Pada waktu itu, isterinya yang mengkhawatirkan kejadian atau perkelahian yang lebih hebat, sudah berlutut di dekatnya.
“Hemmm, sudahlah. Engkau sedang mabok, maka engkau menyerang adik kita sendiri. Hayo, mengasolah... tidurlah...” Ia membantu suaminya bangkit berdiri, lalu memapah suaminya itu menuju ke kamar mereka. Sekali ini Yauw Sun Kok tidak membantah.
Biar pun mabok, sebenarnya orang ini masih cukup sadar untuk melihat kenyataan yang membuatnya terkejut bukan main. Si Bongkok itu kini telah memiliki ilmu kepandaian yang tinggi! Sungguh berbahaya sekali. Dia merasa penasaran dan juga malu, maka dia merasa lebih aman menyembunyikan diri dan berlindung di balik kemabokannya, maka dia pun pura-pura tidak ingat apa-apa lagi dan menurut saja ketika dipapah isterinya ke kamar.

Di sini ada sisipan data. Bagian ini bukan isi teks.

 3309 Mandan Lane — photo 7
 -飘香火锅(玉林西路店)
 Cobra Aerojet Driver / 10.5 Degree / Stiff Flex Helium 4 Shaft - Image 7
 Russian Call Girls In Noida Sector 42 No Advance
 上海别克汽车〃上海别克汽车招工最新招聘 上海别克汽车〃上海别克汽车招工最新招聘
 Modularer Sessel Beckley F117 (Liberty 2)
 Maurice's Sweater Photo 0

Setibanya di dalam kamarnya, langsung dia melempar tubuh ke atas pembaringan dan tak lama kemudian dia sudah tidur mendengkur…..
********************
Kakek gembel itu duduk di bawah pohon besar, nampak melenggut. Memang nyaman sekali duduk berteduh di bawah pohon yang rindang dan teduh pada siang hari yang amat panas itu. Angin semilir sejuk membuat kakek itu mengantuk. Dia duduk bersandar batang pohon, tongkat bututnya menggeletak di dekat kakinya yang dijulurkan.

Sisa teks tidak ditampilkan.